Wang is torn between pessimism and optimism. His pessimism arises mainly because the mainstream public narrative in both countries continues to identify the other as a major economic and security threat. That is countered, optimistically but with no certainty, by the fact that policies are determined by leaders of both countries and at high levels. If the leaders can increase communication, identify mutual interests and reach more strategic common ground, then relations may not get worse, in Wang’s view. China-U.S. relations will have a better future only when the two sides forsake the zero-sum way of thinking about bilateral competition.
Professor Wang’s research concentrates mainly on U.S. diplomacy, China-U.S. relations and Asia-Pacific security. In 2005 and 2012, Foreign Policy magazine twice named him as one of the world’s top 100 thinkers.
U.S. Ambassador to China Nicholas Burns visited the campus of Peking University for a cordial parting discussion with distinguished scholar Wang Jisi, Jan 10, 2025. (Photo: Ambassador Nicholas Burns (@USAmbChina) / X)
The full text of the interview follows:
Evolution of thinking
China-US Focus: Your views on China-U.S. relations have evolved over the past two decades. In your early work, you expressed optimism about the potential for a cooperative partnership. More recently, however, you have raised concerns about the deterioration of the relationship and the risk of conflict, even using the term “hot peace.” What factors have shaped this evolution of thinking? As you look ahead to the next four years, are you more optimistic or less, and why?
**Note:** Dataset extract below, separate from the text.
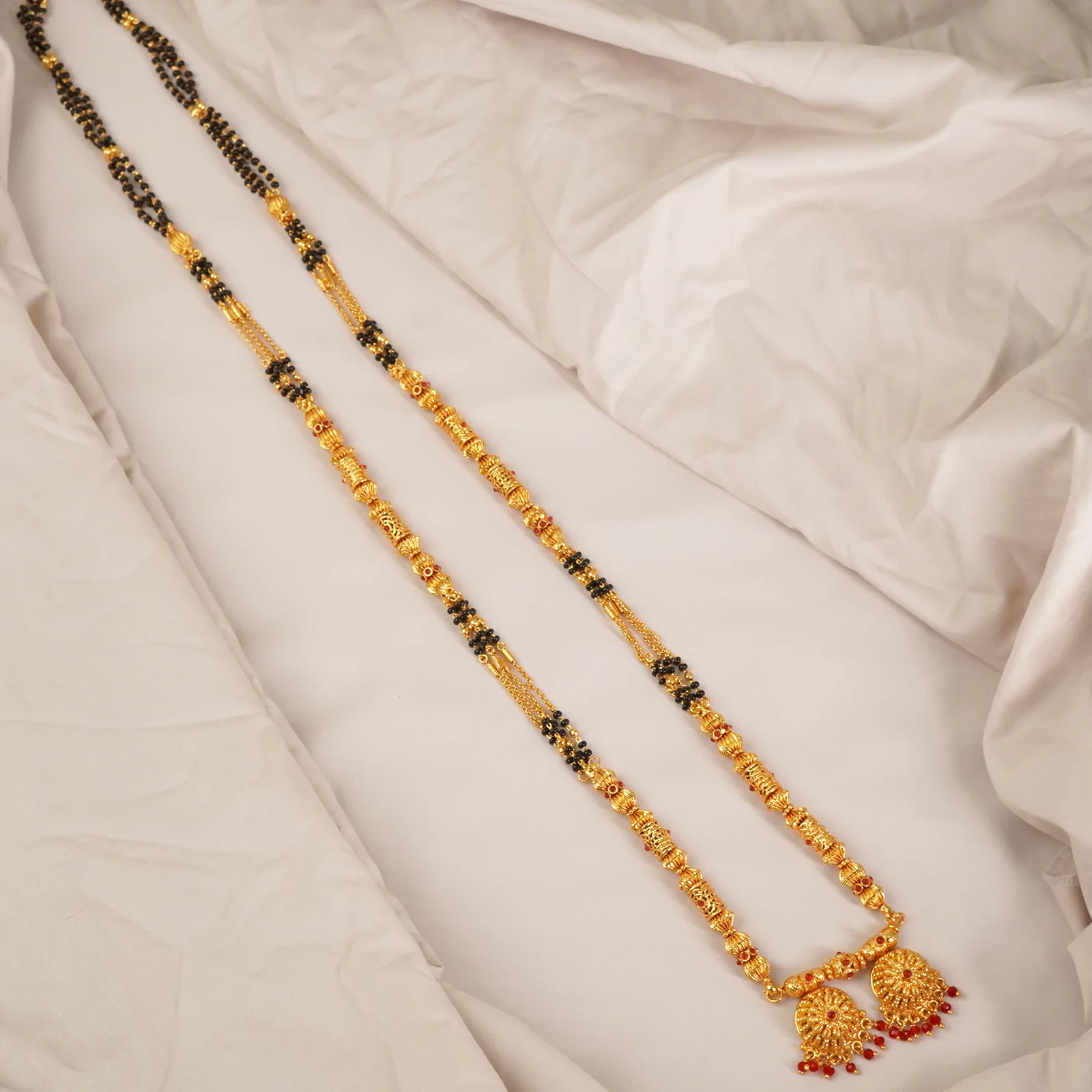 Short-Length Daily Wear Mangalsutra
Wang Jisi: There have indeed been significant changes in my views about China-U.S. relations over the past two decades. Twenty years ago, I was quite optimistic about the potential of cooperation, but I’ve been worried about the deterioration of China-U.S. relations and the risk of conflict in the bilateral relationship in recent years — so much so that I even used the phrase “hot peace.” Actually I used such an expression 30 years ago, but I used “hot” to describe the warmth of the bilateral relationship. Now I use it to describe the intensity of the fierce verbal exchanges and the likelihood of war.
Looking back on the evolution of China-U.S. relations over the past two decades, a major change between 2004 and 2005 was that both sides believed “bilateral relations were at their best in history.” Vice Premier Qian Qichen agreed with U.S. Secretary of State Colin Powell on the proposition and said China-U.S. relations “could be still better.” In 2005, when Deputy Secretary of State Robert Zoellick proposed the concept of “responsible stakeholder,” the Chinese side also responded positively. I made a special trip to the U.S. State Department to exchange views with Zoellick, telling him that we endorsed such a vision for the China-U.S. relationship.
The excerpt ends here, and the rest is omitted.